WHAT TO PRODUCE: Output exactly the lines from the one containing "广州白云区宏萱贸易商行" to the last line of the material, inclusive, and nothing more.
::: SUPPLIED ENTRIES
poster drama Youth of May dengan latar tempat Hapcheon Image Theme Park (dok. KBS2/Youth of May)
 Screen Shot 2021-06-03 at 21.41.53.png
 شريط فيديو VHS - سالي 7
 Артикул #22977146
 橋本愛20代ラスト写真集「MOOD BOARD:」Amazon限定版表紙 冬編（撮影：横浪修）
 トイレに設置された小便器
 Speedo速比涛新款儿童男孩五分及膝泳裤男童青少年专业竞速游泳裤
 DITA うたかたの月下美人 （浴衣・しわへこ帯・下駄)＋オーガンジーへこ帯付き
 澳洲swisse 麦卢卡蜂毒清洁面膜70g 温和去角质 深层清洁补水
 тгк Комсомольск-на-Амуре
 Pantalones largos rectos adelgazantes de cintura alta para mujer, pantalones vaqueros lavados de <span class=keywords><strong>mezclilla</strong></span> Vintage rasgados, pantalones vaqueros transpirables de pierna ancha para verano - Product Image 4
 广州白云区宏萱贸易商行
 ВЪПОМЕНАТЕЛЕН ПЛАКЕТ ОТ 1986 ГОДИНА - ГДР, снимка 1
::::::
EXERCISE RESPONSE:
 广州白云区宏萱贸易商行
 ВЪПОМЕНАТЕЛЕН ПЛАКЕТ ОТ 1986 ГОДИНА - ГДР, снимка 1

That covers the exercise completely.